# Definite Integral of Definite Integral

1. Apr 12, 2015

### andyrk

$h(x)= \int_0^x (\int_0^uf(t)dt). du$, then why is $h'(x) = \int_0^uf(t)dt$? Shouldn't it be $h(x) - h(0)$ in the first equation? where $h(x)$ is the antiderivative of $\int_0^uf(t)dt$? But wait, isn't antiderivative of a function without limits on it? Like for $\int_a^bf(x)dx$ we would say, let $F(x)$ be the antiderivative of $f(x)$, i.e. $F(x) = ∫f(x)dx$. And then we apply limits on $F(x)$ do evaluate the definite integral. So what does $h(x)$ mean in the beginning? Does it mean that $h(x)$ is the antiderivative of $\int_0^uf(t)dt$, i.e. $h(x) = ∫(\int_0^uf(t)dt).dx$ and then we apply the limits 0 and x on it? Would $\int_0^uf(t)dt$ be a separate function and not just some single value?

Last edited: Apr 12, 2015
2. Apr 12, 2015

### SteamKing

Staff Emeritus
This is an example of applying the Fundamental Theorem of the Calculus:

http://tutorial.math.lamar.edu/Classes/CalcI/DefnOfDefiniteIntegral.aspx

Scroll down to near the bottom of the page to the section called "Fundamental Theorem of Calculus, Part I"

3. Apr 12, 2015

### andyrk

Yes, but I just want to clarify that what does $g(x)$ and $f(x)$ in the link correspond to in this problem?

4. Apr 12, 2015

### SteamKing

Staff Emeritus
g(x) in Paul's notes corresponds to h(x) in the OP.
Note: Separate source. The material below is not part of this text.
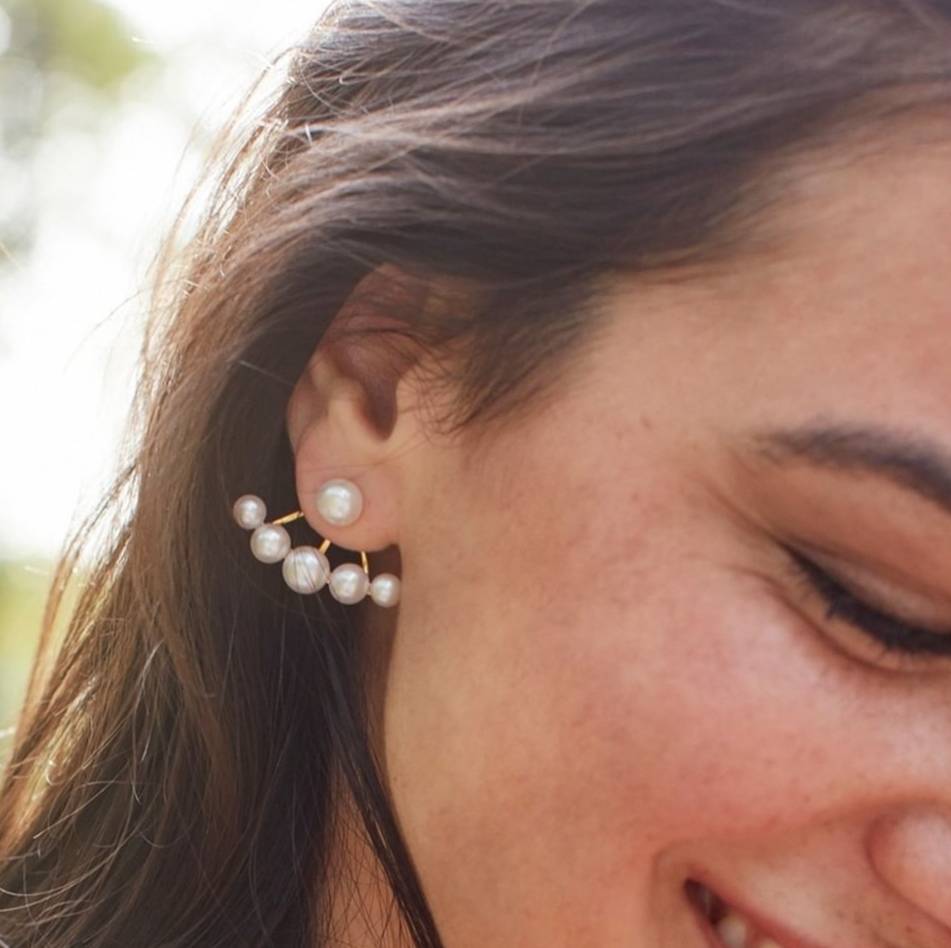 Happy Bank Holiday everyone!💕 We have been styling ours with these stunning freshwater pearl Believer ear jackets from <a href="/oliviaandpearl/">Olivia & Pearl</a> 
#pearlgirl #silveradobrighton #freedelivery #jewelleryaddict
f(t) in Paul's notes corresponds to $\int_0^uf(t)dt$ in the OP.

5. Apr 13, 2015

### andyrk

What does OP stand for?

6. Apr 13, 2015

### WWGD

(O)riginal (P)ost(er).

7. Apr 13, 2015

### andyrk

But the limits in this are from 0 to u not 0 to x. So shouldn't we be equating h'(u) rather than h'(x) to the integrand because the integrand would be a function of u (say g(u)) and not x. So it wouldn't make any sense to say h'(x) = g(u).

Last edited: Apr 13, 2015
8. Apr 13, 2015

### SteamKing

Staff Emeritus
u is only a dummy variable. The function h(x) is defined as $h(x)= \int_0^x (\int_0^uf(t)dt). du$, and you wish to find h'(x) = dh(x) / dx.

9. Apr 13, 2015

### andyrk

Do you mean to say that we can substitute u = x in the inner definite integral then? But wouldn't that mean that u and x are the same whereas they should have been different?

Last edited: Apr 13, 2015
10. Apr 13, 2015

### SteamKing

Staff Emeritus
No, all I'm saying is that u is used in the inner integral to avoid confusion with the limit x in the outer integral. It's more of a symbol thing.

11. Apr 13, 2015

### andyrk

What's bothering me is that if $h'(x)=\int_0^uf(t)dt$, RHS is a function of u and LHS is a function of x. So how can they be related?

12. Apr 14, 2015

### HallsofIvy

Staff Emeritus
If $F(x)= \int_a^x f(u)du$ then $F'(x)= f(x)$, not f(u). If $F(x)= \int_0^x f(u)du$ with $f(u)= \int_0^u h(t) dt$, Then $F'(x)= f(x)= \int_0^x h(t)dt$